Provided entries Start Marker

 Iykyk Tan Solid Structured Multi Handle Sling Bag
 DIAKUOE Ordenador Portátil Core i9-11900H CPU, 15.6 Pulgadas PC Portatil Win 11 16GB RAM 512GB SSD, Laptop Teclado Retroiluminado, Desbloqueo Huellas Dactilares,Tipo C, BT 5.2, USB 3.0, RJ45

Provided entries End Marker
Provided entries Start Marker

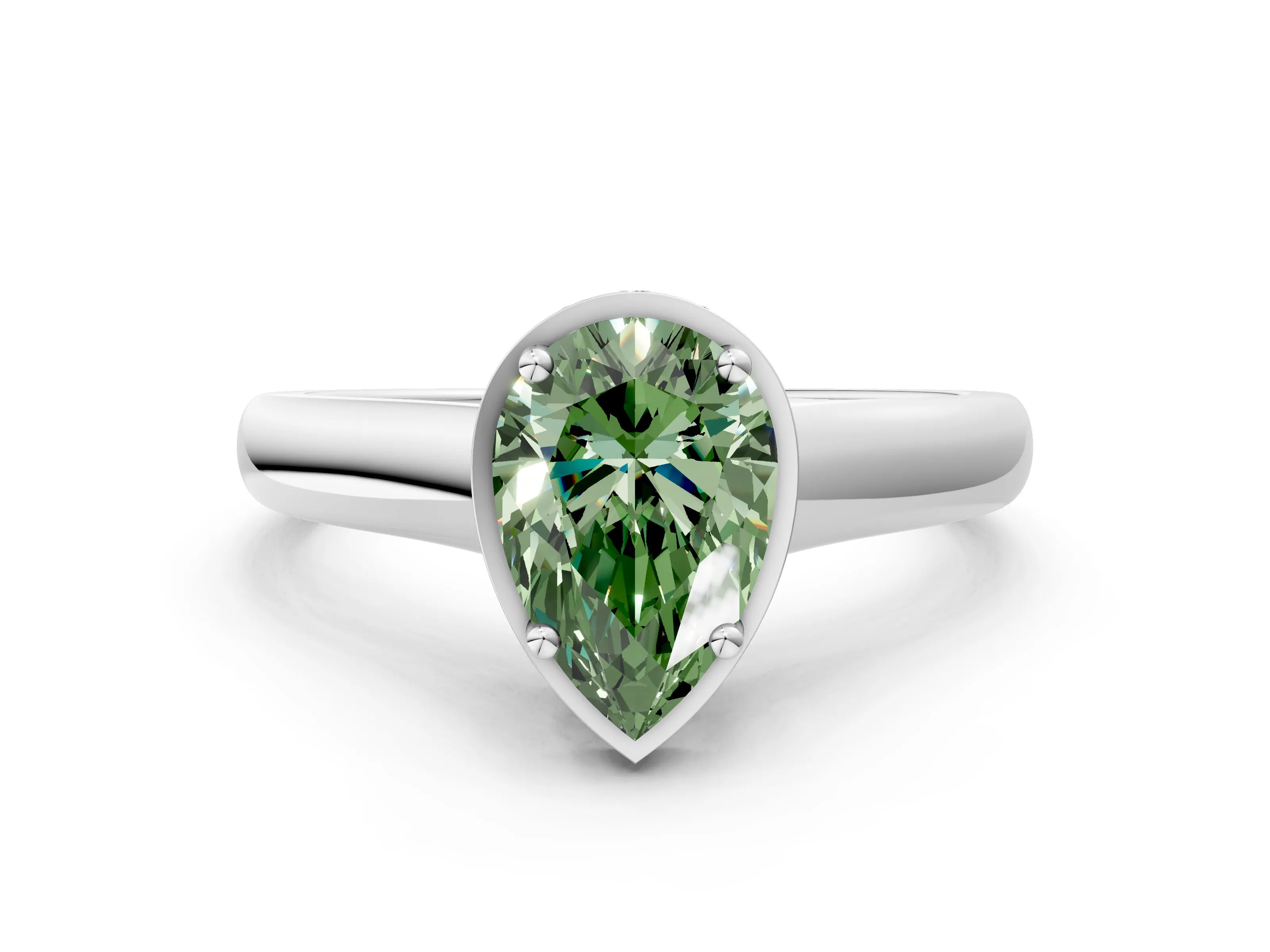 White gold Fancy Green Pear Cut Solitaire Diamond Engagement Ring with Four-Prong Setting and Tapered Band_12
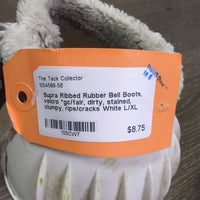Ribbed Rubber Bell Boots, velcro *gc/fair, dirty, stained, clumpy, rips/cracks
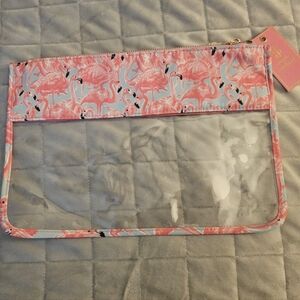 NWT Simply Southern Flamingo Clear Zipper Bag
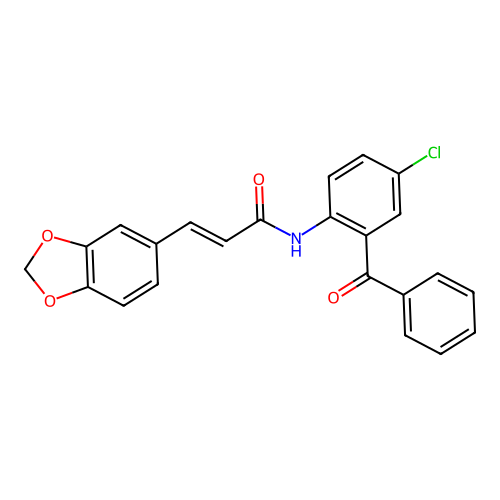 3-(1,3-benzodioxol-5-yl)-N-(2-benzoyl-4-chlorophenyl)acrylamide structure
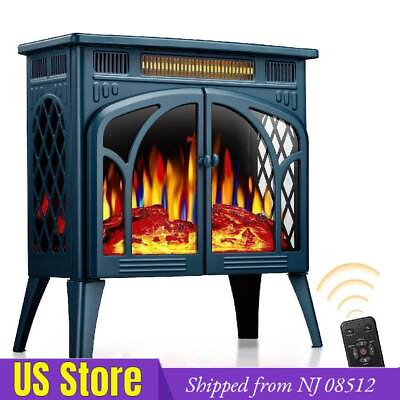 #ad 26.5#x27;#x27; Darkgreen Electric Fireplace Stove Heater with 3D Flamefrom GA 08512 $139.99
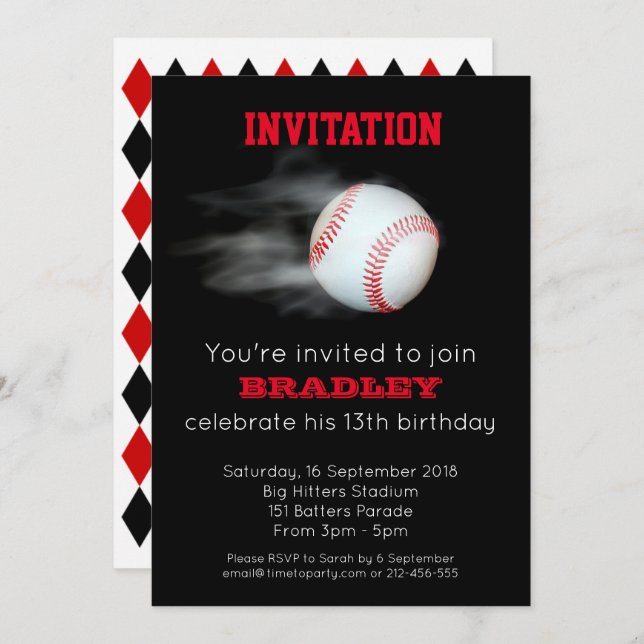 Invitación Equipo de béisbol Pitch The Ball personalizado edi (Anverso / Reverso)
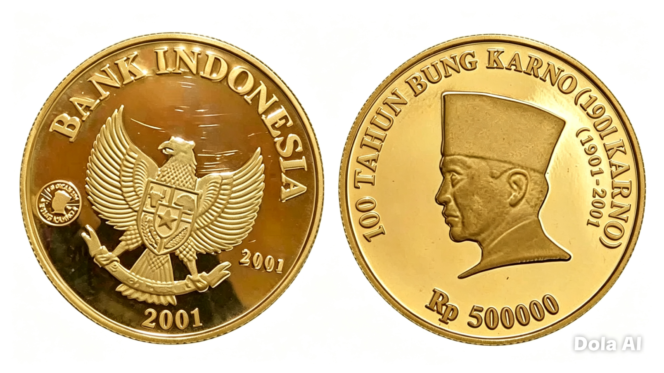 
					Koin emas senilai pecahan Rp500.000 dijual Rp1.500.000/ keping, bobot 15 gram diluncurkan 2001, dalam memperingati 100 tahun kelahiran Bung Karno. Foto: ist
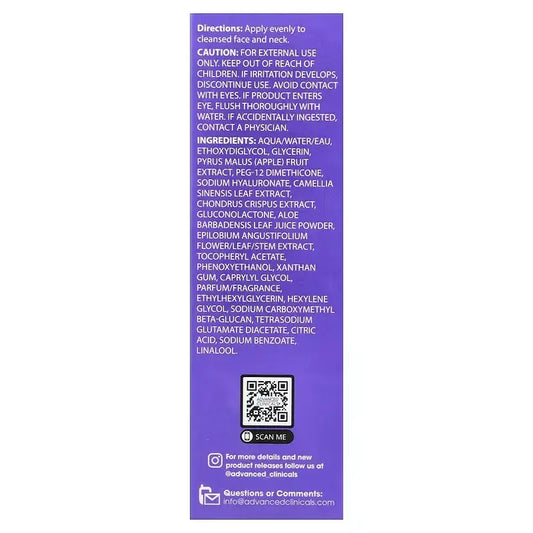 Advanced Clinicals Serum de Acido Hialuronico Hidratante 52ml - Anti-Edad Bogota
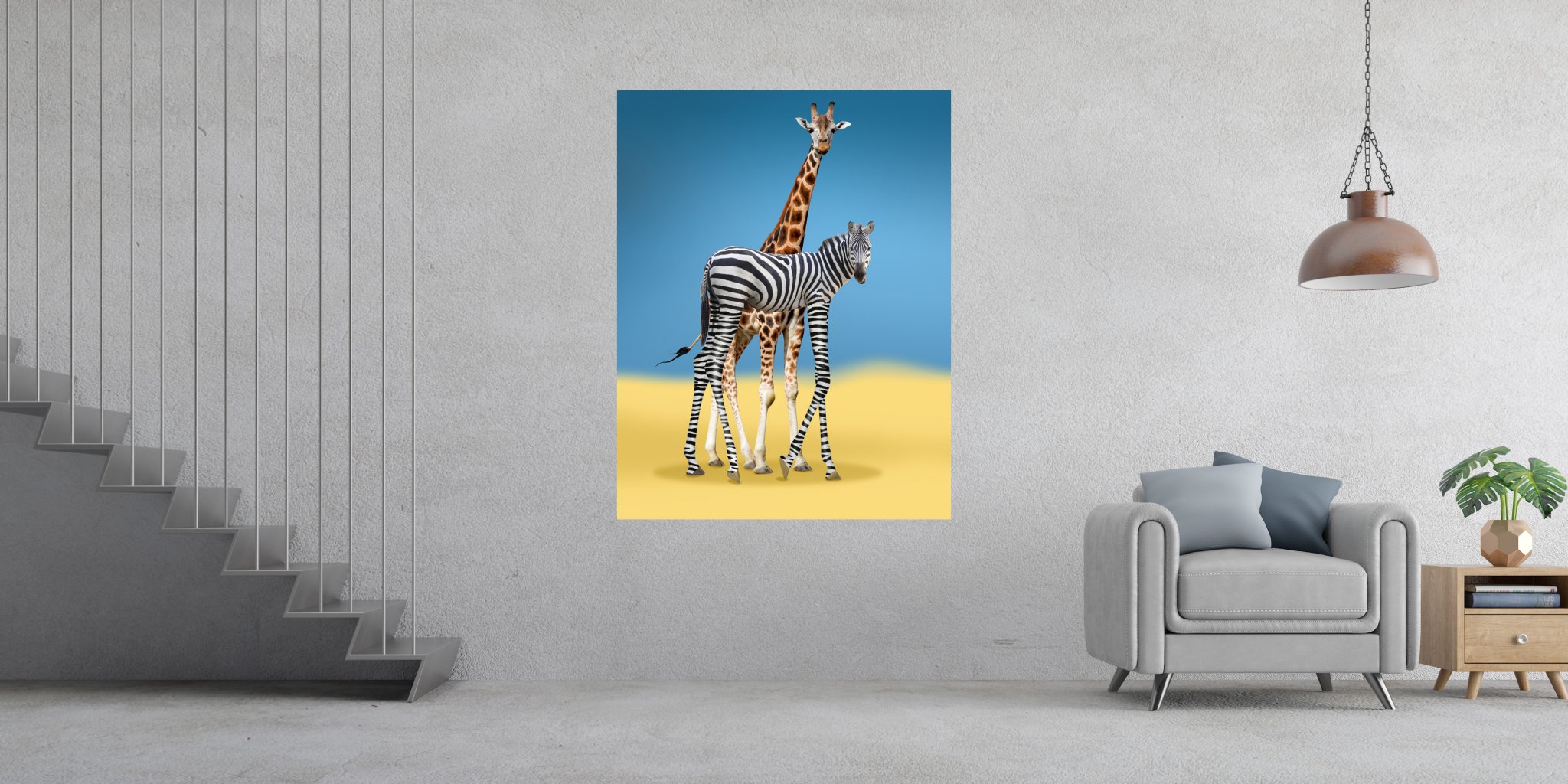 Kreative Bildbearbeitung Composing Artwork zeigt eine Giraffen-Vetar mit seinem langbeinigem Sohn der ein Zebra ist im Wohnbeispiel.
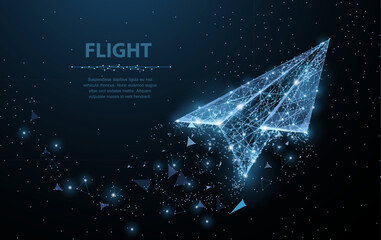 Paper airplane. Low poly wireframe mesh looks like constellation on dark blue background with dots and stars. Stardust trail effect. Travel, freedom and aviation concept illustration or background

Provided entries End Marker
Provided entries Start Marker

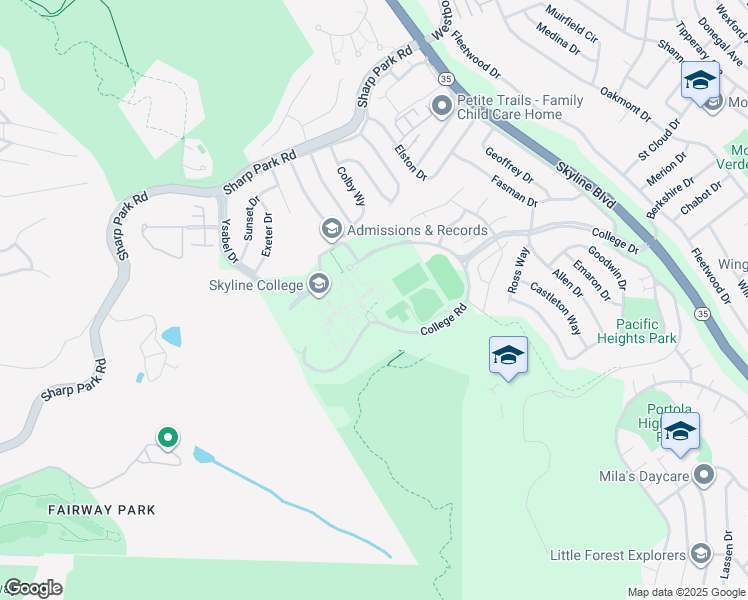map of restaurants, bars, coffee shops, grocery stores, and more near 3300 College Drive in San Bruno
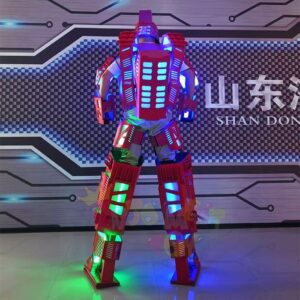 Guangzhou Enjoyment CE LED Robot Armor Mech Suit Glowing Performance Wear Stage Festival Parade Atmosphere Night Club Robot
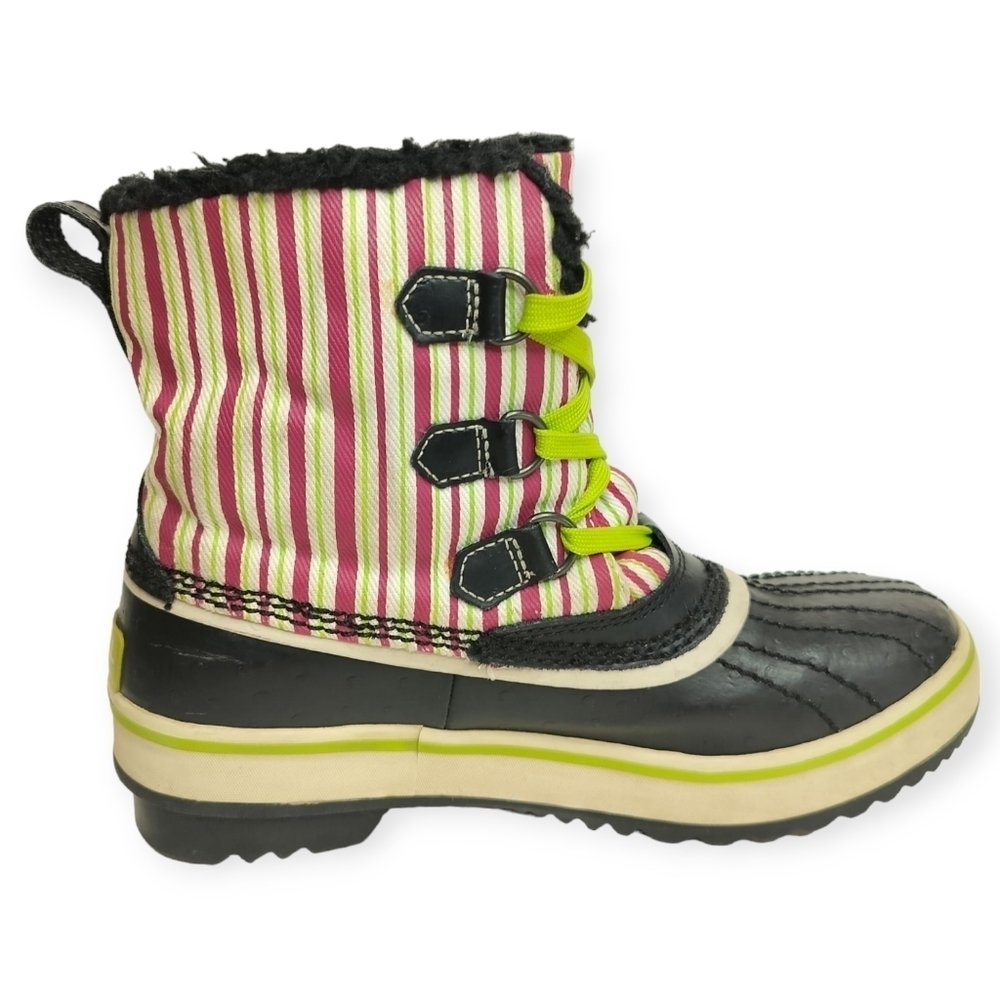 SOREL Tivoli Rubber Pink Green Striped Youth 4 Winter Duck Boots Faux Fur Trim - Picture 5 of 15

Provided entries End Marker

The task
In the listing above, find the line containing "White gold Fancy" and the line containing "Paper airplane. Low", then print exactly those two lines and every line between them, minus the pictures.

Written response
 White gold Fancy Green Pear Cut Solitaire Diamond Engagement Ring with Four-Prong Setting and Tapered Band_12
Ribbed Rubber Bell Boots, velcro *gc/fair, dirty, stained, clumpy, rips/cracks
 NWT Simply Southern Flamingo Clear Zipper Bag
 3-(1,3-benzodioxol-5-yl)-N-(2-benzoyl-4-chlorophenyl)acrylamide structure
 #ad 26.5#x27;#x27; Darkgreen Electric Fireplace Stove Heater with 3D Flamefrom GA 08512 $139.99
 Invitación Equipo de béisbol Pitch The Ball personalizado edi (Anverso / Reverso)
					Koin emas senilai pecahan Rp500.000 dijual Rp1.500.000/ keping, bobot 15 gram diluncurkan 2001, dalam memperingati 100 tahun kelahiran Bung Karno. Foto: ist
 Advanced Clinicals Serum de Acido Hialuronico Hidratante 52ml - Anti-Edad Bogota
 Kreative Bildbearbeitung Composing Artwork zeigt eine Giraffen-Vetar mit seinem langbeinigem Sohn der ein Zebra ist im Wohnbeispiel.
 Paper airplane. Low poly wireframe mesh looks like constellation on dark blue background with dots and stars. Stardust trail effect. Travel, freedom and aviation concept illustration or background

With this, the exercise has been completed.